Here, true, is the splendid architecture of the 13-15th centuries set in an incomparable setting. Here,
true, is the way mediaeval monasteries operated. That, in all probability, is what the conservationists
would have us believe.
THE UNDERLYING
MEANING OF TINTERN ABBEY
But that is not all which binds us to
such a site and such imperatives do not need the preservation of such monuments. There remain many whole
examples of such buildings and architecture that these ruins retain relative unimportance. I believe,
however, that another dimension is involved in our wish to preserve these monuments. One merely needs to
visit Tintern to understand why this could never be abandoned. Much of humanity is possessed of a soul which
operates often unwittingly and beyond knowing conception, and which is aware, therefore, of another and
spiritual dimension which oozes from such sites. Humanity is possessed of many attributes, not all of which
are clearly defined, let alone understood. In our recent past Tintern has evoked deeper feelings thanks to our
education system. Inevitably, at this point, one invokes Wordsworth and his poem:
"For I have learned
To look
on nature, not as in the hour
Of thoughtless youth; but hearing often times
The still, sad
music of Humanity,
Nor harsh nor grating, though of ample power
To chasten and subdue. And I
have felt
A presence that disturbs me with the joy
Of elevated thoughts; a sense sublime
Of something far more deeply interfused,
Whose dwelling is the light of setting suns,
And the
round ocean and the living air,
And the blue sky, and in the mind of man:
A motion and a
spirit that impels
All thinking things, all objects and all thought,
And rolls through all
things."
WORDSWORTH AND 'NEW AGE'
VALUES
For me Wordsworth was a progenitor of New Age
philosophy (as well as modern scientist with his view of an interconnected Universe!). Through his
imagination, meditation and insight he recognised the true value of Tintern, which is as alive today
as it was in his time, indeed as it was in the minds of those who gave birth to Tintern, and
probably, however unwittingly, in the minds of those who decided on its present form of
conservation.
So what is this ephemeral spiritual truth? No less than the harmony of God
and Humanity through the spiritual use of natural space and human architecture conditioned by
liturgy, the unification of human endeavour to expose a spiritual presence within the ordered world
of God’s creation. The harmony of the architecture to the surroundings of the Wye valley, the
feelings of a presence within the site, all the address this truth.
If one is sensitive
enough there remains an otherness about traversing these remains. Whatever the excesses in Church
practices which the Reformation sought to destroy, the patina of true spirituality and endeavour
remains forever etched in the stones of these buildings. Even if sensitivity is absent there remains
vague feelings of peace and otherness leading to a great relaxation.
So, what physically
happens? A great slowing of mind and heartbeat coupled with a feeling of timelessness, not of an
ethereal eternity but a human timelessness based upon an expansion of one’s being to encompass our
own meagre concept of past, present and future conditioned by the form and beauty of the ruins and
its setting, a stillness born of being within a site which is so ‘other’ in terms of time and space
that we possess no finite handle with which to either confine or define it.

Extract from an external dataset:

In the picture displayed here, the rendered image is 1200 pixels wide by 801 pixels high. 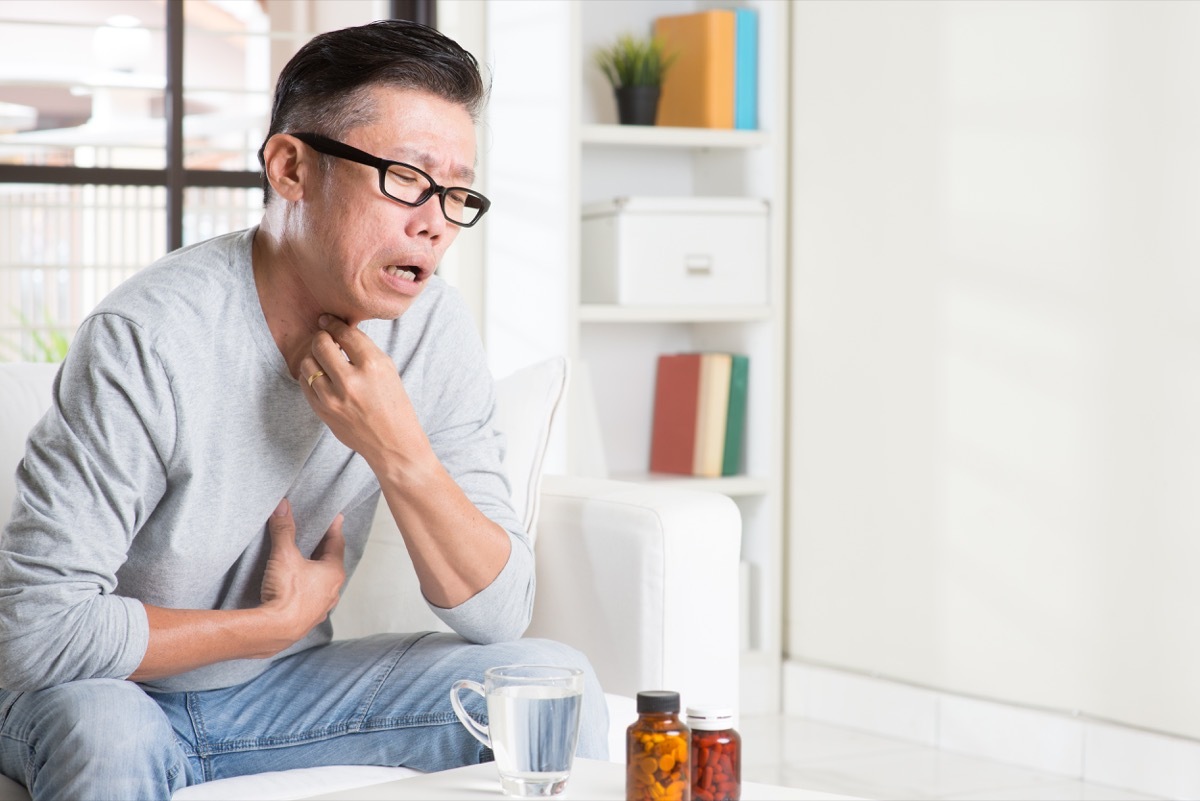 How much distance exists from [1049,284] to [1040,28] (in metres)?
0.47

THE LITURGY OF SILENCE IN SUCH REMAINS UNITES HUMANITY
TO GOD
Its very silence is an expression of true liturgy,
that attempt at union between humanity and God. It is devoid of those devices which would colour or
restrict our communion with the divine, the poor expression of even poorer modern inclusive, bland,
committee-orientated liturgy, the dull meaningless sermon, the need for modern ‘songs from the
shows’ hymns and anthems, or the need to express Christianity as a modern, socially aware construct.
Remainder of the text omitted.